Volksbank RheinAhrEifel eG
Bürgerstiftung der Volksbank unterstützt 72-Stunden-Aktion
Mendig. Elmar Schmitz, Vorstandsvorsitzender der Volksbank RheinAhrEifel und der von ihr getragenen Bürgerstiftung, machte kürzlich deutlich, wie wichtig ihm die 72-Stunden-Aktion des Bundes der Deutschen Katholischen Jugend (BDKJ) ist, bei der Jugendliche ehrenamtlich und selbst organisiert eine gemeinnützige Aufgabe lösen. Bei der symbolischen Spendenübergabe aus dem Topf der Bürgerstiftung an die Vertreter von zehn Jugendgruppen aus dem Geschäftsgebiet der Regionalbank, die sich an der bundesweit größten Sozialaktion beteiligen, sagte er: „Das Engagement der Kinder und Jugendlichen unserer Heimat, die innerhalb von 72 Stunden dort anpacken, wo Kraft, Geld oder Zeit fehlen, um eine gute Sache für ihre Mitmenschen voranzubringen, ist nicht nur sozial besonders wertvoll, sondern aus unserer Sicht auch unbedingt unterstützenswert.“
Über die Finanzspritze freuten sich im Regionalmarkt AhrBrohltal: die Katholische Jugend St. Laurentius Ahrweiler, die Messdiener der Pfarrreingemeinschaft Sinzig-Westum-Bad Bodendorf und die Katholische Jugend Kempenich.
Im Regionalmarkt Eifel nahm der Jugendtreff Dümpelfeld die Spende dankend entgegen.
Die Gruppen die JuhiMa Katholische Jugend Mayen, der Bund der St. Sebastianus Schützenjugend Mayen,die Katholische Jugend Maria Himmelfahrt Andernach,die Ministranten Kruft-Kretz-Nickenich, der DPSG-Pfadfinderstamm St. Michael Andernach und die Slowakei-Partnerschaft „Über die Grenzen - za hrancic“ des Dekanates Andernach aus dem Regionalmarkt MayenRhein wurden ebenfalls unterstützt.
Die 72-Stunden-Aktion unter dem Motto „Uns schickt der Himmel“ findet vom 13. bis zum 16. Juni 2013 bundesweit statt. Innerhalb von drei Tagen setzen sich rund 170.000 Kinder, Jugendliche und junge Erwachsene im Alter zwischen neun und 27 Jahren mit Spaß und Engagement für das Gute ein. Sie realisieren eine gemeinnützige soziale, ökologische, interkulturelle oder politische Aufgabe und setzen damit ein deutliches Zeichen für Solidarität.

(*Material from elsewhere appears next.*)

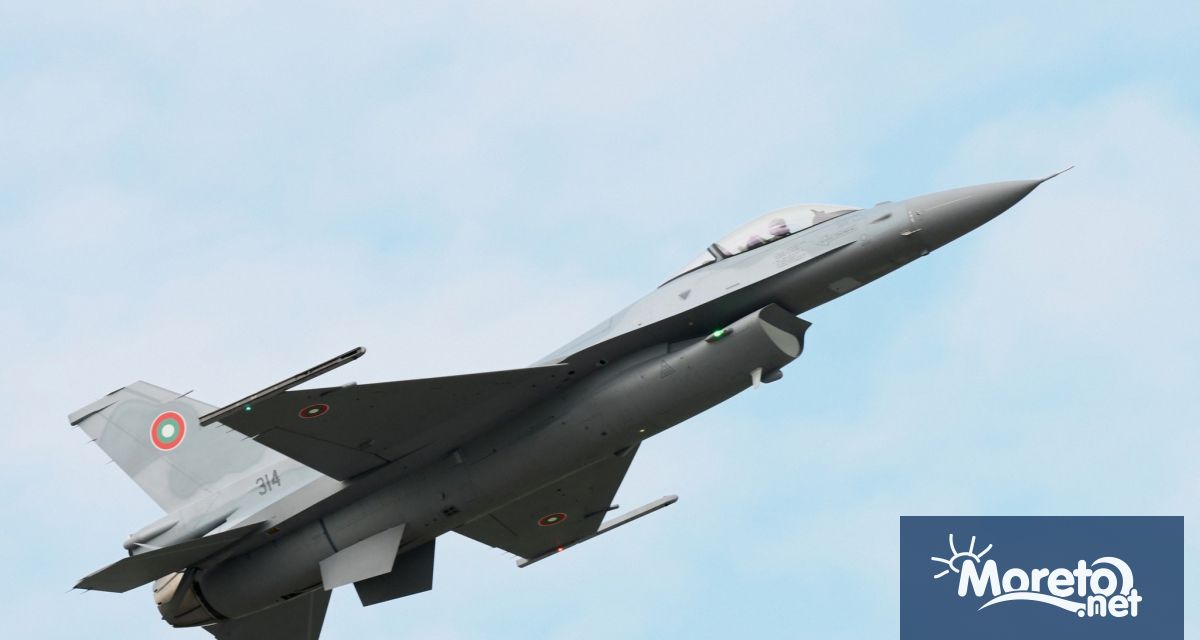 Български многоцелеви изтребители F 16 проведоха учебно тренировъчни полети на летище Васил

Die zu lösenden Aufgaben sind bis zum Startschuss am Nachmittag des 13. Juni streng geheim und können ganz unterschiedlicher Natur sein: Von der Renovierung eines Kinderspielplatzes über die Säuberung eines Baches bis hin zur Organisation von Angeboten und Aktionen für ältere Menschen - alles ist möglich. Eines haben die Aufträge allerdings gemeinsam: Nutznießer sind immer Dritte. Motor für die Aktion ist die Überzeugung, dass ein Handeln aus einem christlichen Verständnis heraus die Welt besser machen kann.
„Wir als fest in der Region verwurzeltes Finanzinstitut unterstützen die Menschen, die in unserer Region Gutes tun und Verantwortung für unseren gemeinsamen Lebens- und Wirtschaftsraum übernehmen. Gemeinsam an einem Strang zu ziehen und ein gestecktes Ziel mit vereinten Kräften zu erreichen, lässt die Bedeutung des Satzes unseres genossenschaftlichen Gründervaters Friedrich Wilhelm Raiffeisen erfahrbar werden: Was einer alleine nicht schafft, das erreichen viele“, sagte Schmitz abschließend.